Matt Schweizer grew up in South St. Louis County, but his travels to the Pacific Northwest and Northern England diversified him in unimaginable ways.
That diversity served as a key piece of the puzzle in getting Hopskeller Brewing Co. ready to roll out to the public over the past two years. Schweizer plans to open the brewery’s doors within the next few weeks — though he doesn’t know an exact date.
“We’re not going to advertise when, so you’ll just have to come by and check,” Schweizer said.
Hours of operation will be 2 to 11 p.m. Monday through Friday and noon to midnight Saturday and Sunday. For more information, visit Hopskeller online at Facebook.com/Hopskeller or call 939-2337. Hopskeller is located at 116 E. Third Street in Waterloo.
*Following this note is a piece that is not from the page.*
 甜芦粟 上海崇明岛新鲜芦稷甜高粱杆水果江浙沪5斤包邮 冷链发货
Doug Dobek, an assistant brewer at Hopskeller, almost seems as excited as Schweizer for the finished product. Dobek began working for Schweizer after he decided he wanted a new activity post-retirement.
“We’ve been chomping at the bit to open,” he said.
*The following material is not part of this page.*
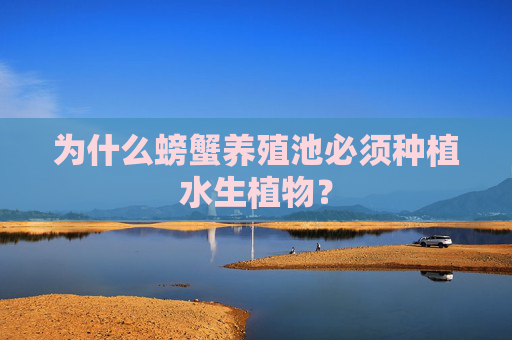 为什么螃蟹养殖池必须种植水生植物？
However, Schweizer, 31, after going through the ropes of brewing and establishing a business, is practically giddy at the prospect of a dream-come-true. The former Gibault Catholic High School teacher toyed with the idea the moment he started brewing 10 years ago.
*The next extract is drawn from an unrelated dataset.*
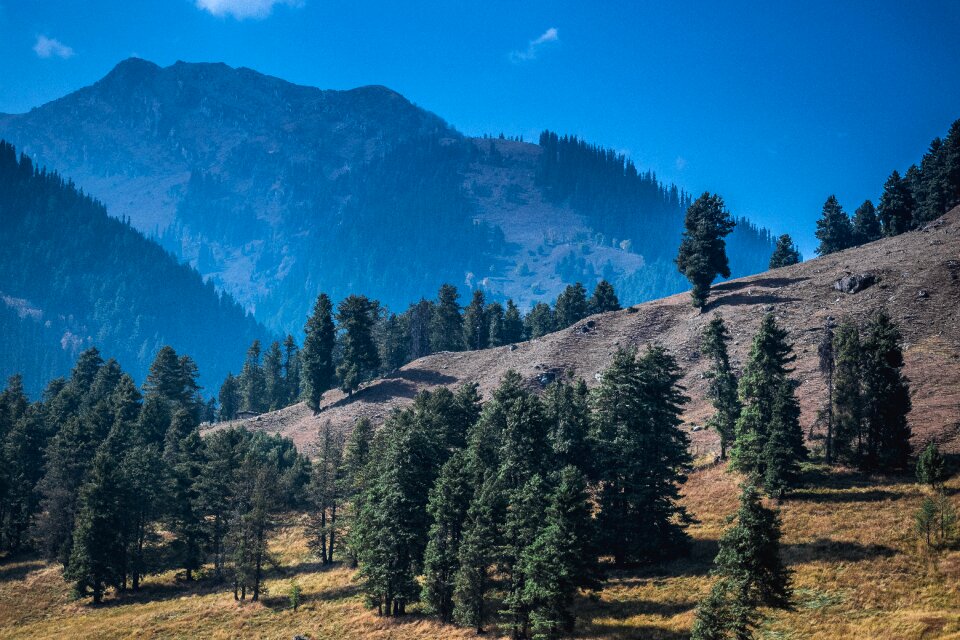Early morning mountains trees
“What 20-something is going to start brewing and not think, ‘How cool would it be to own a brewery?’” he said.
Schweizer’s story goes even further back than the start of his home brewing days to a time when he lived in Northern England. During his stay, he spent a lot of time sampling English ales and taking in the drinking culture of the region.
That experience served as an inspiration for his home brewing. Yet, Schweizer’s cultural diversity continued to expand several years later.
He moved to Eugene, Ore., and there he discovered a strikingly different style of drinking and brewing that would add to his experience.
The Pacific Northwest style constitutes brewing heavier beers that can get a person into the right state of mind after a couple drinks and is also bolder in flavor. On the other hand, English brewing brings about lighter beers that can allow a beer enthusiast to drink more with a more diluted effect.
So why did Schweizer decide to bring the two together?
“It makes both of them a little better,” he said. “You can rein in the American ones and try something different with the English ones.”
Even with his exposure to the two different cultures, Schweizer would still need a lot of support from the community to get far enough along in the business. That help came in a multitude of ways.
The city of Waterloo is one of those which Schweizer said “has been remarkably helpful along the way.” In addition, about 10 different people in the community decided they liked the idea enough to invest in the business.
The money helped get his idea off the ground. After that, he brought on Dobek and another assistant brewer, Dan Frey, who began home brewing about 16 years ago.
“I thought, ‘This is a good way to put a hobby of mine to good use,’” Frey said of working with Schweizer.
Dobek said he came into Hopskeller with no brewing experience whatsoever, but Schweizer and Frey managed to teach him quite a bit over the past couple of years.
“We’ve all become better brewers from each other,” Schweizer said.
These experienced brewers not only cooked up a lot of batches, but also entered into many brewing competitions with certified judges. Schweizer showed the Republic-Times a good 20 or so medals won during these competitions.
“It makes us pretty confident that what we’re doing is good,” he said.
In addition, the six beers Hopskeller will make available to the public live up to this award-winning standard.
“All of these have won at least one gold,” Schweizer said, adding that he plans to only serve award-winning beers at the brewery. “It’s a challenge I posed to myself.”
The six beers Schweizer will unveil in the beginning include two light English ales, a raspberry wheat beer, a session strength India pale ale, an American amber ale and a Northern English brown ale.
The new brewery owner described the two light English ales as “not bitter” and “easy drinking.”
“It’s the classic question: ‘What’s the closest to Budweiser?’” he said. “It’s not even close, but it’s as close as you’ll get.”
Citrusy, piny and characteristically hoppy describes the session strength IPA.
Schweizer said the raspberry wheat seems to garner the most popularity.
Paired with these different brews, Hopskeller will serve pizzas and a few baked appetizers. The food and drinks only make up a part of the brewery.
Additionally, Schweizer decided on a beer garden in the backyard of the facility, which will not be finished at the time of the September soft opening. Schweizer will hold a grand opening whenever the beer garden is finally completed. This garden will include a water feature — bigger than a water fountain — and a patio with a pattern carved into the concrete by hand.
“You want to get a nice, rustic look, and there’s only one way to do that,” he said. “That’s the right way.”
To accomplish getting the beer garden, the community as a whole came together and poured more than $20,000 into a Kickstarter campaign.
“When you start doing this, the people who come out of the woodwork who want to be a part of it is really neat,” he said.